Kedua, perlu adanya kesadaran masyarakat tentang nilai-nilai Islam sebagai pengatur gerak kehidupan. Perlunya memasyarakatkan tentang an-nizham al-ijtima'i (pergaulan laki-laki dan perempuan). Menerapkan an-nizham al-ijtima'i dalam kehidupan khusus, diantaranya menghindari campur baur laki-laki dan perempuan kecuali dalam 3 hal yaitu perdagangan, pendidikan dan pengobatan. Menghindarkan laki-laki dan perempuan berkhalwat (berduaan) tanpa mahram. Lebih lanjut masyarakat didorong untuk beramar ma'ruf nahyi munkar, dengan demikian setiap individu mendapat kontrol dari masyarakat sekitarnya perihal kehidupan terpisah antara laki-laki dan perempuan.
ADVERTISEMENT
Ketiga, negara sebagai raa'in (pengurus rakyat) berkewajiban berdakwah terhadap yang dipimpinnya. Dakwah tersebut meliputi penerapan aturan Islam secara menyeluruh dalam berbagai aspek kehidupan, yang berupa muamalah dan 'uqubah.
Negara berupaya membuat dan menerapkan kebijakan berdasarkan syariah dalam sistem pendidikan dan sistem sosial. Kurikulum pendidikan dan interaksi dalam lingkungan pendidikan harus sesuai tuntunan syariah: tidak boleh adanya campur baur laki-laki dan perempuan; proses belajar mengajar harus menghasilkan kepribadian dan pemikiran Islami; dan menjadikan halal-haram sebagai ukuran setiap amal perbuatan.

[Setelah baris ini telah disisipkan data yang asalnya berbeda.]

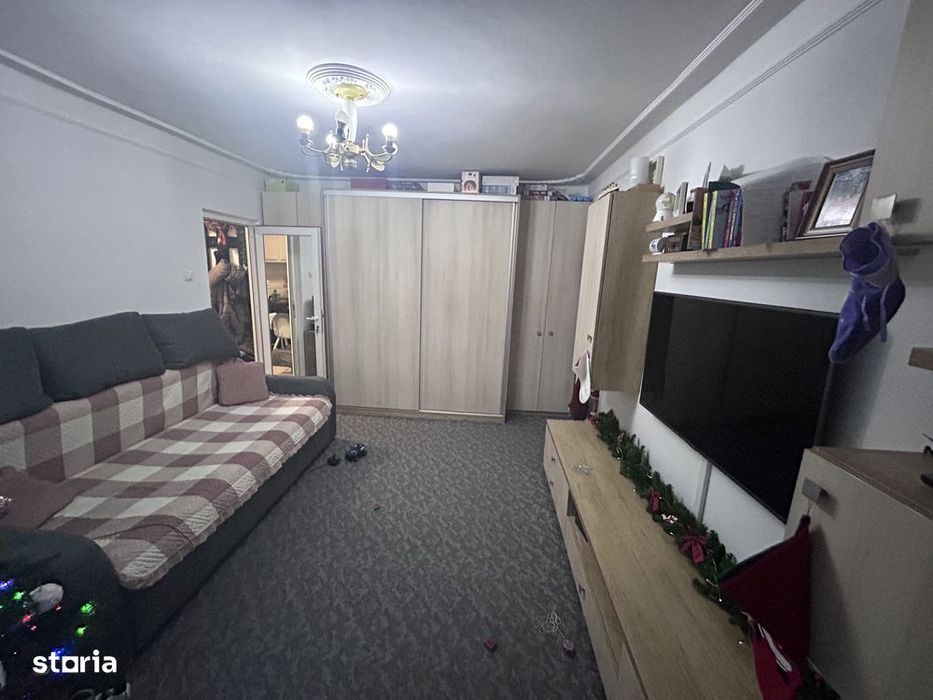 PACURARI-ap.2 camere, 42 m2, et.4 cu pod, mobilat si utilat!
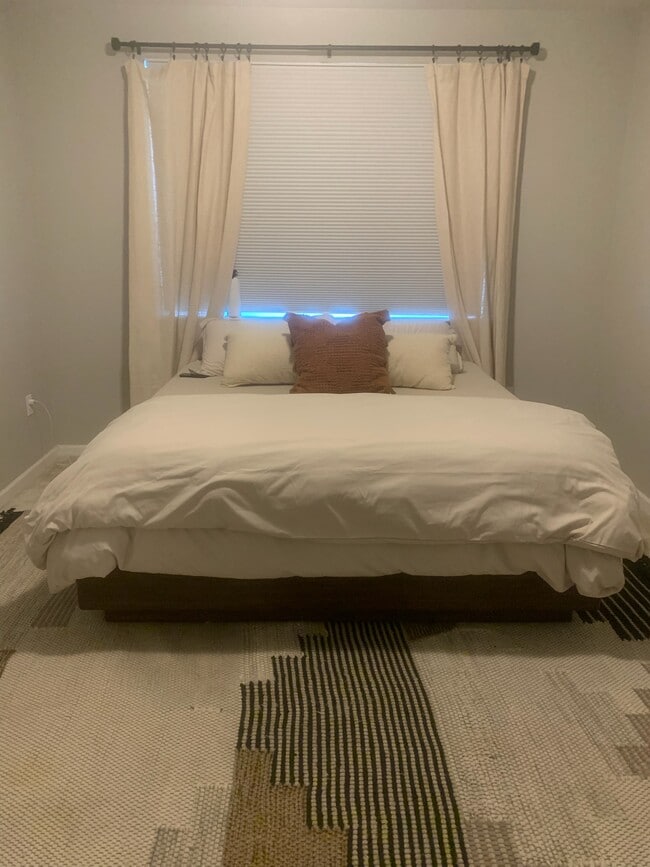 Building Photo - 804 Summer Hawk Dr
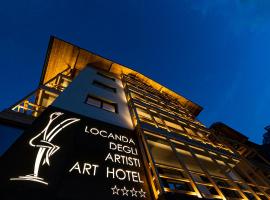 Locanda degli Artisti Art Hotel, hotel in Canazei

Negara juga mengatur pemblokiran tayangan berbagai media dari pornoaksi dan pornografi agar tidak merusak pikiran rakyatnya. Kemudian negara menerapkan sistem 'uqubah yang tegas, hukuman atas setiap tindakan asusila berupa kekerasan seksual di lingkungan pendidikan harus jawabir (penebus dosa) dan zawajir (memberi efek jera). Hukuman bagi pelaku kekerasan seksual disesuaikan dengan tingkatan ringan dan berat kasusnya, dari mulai cambuk 100 kali hingga hukuman mati.
ADVERTISEMENT
Sinergitas tiga pilar tersebut diharapkan mampu menjadi tindakan preventif dan kuratif bagi kasus kekerasan seksual di lingkungan pendidikan serta mendorong terciptanya lingkungan pendidikan yang aman dan nyaman bagi siswa.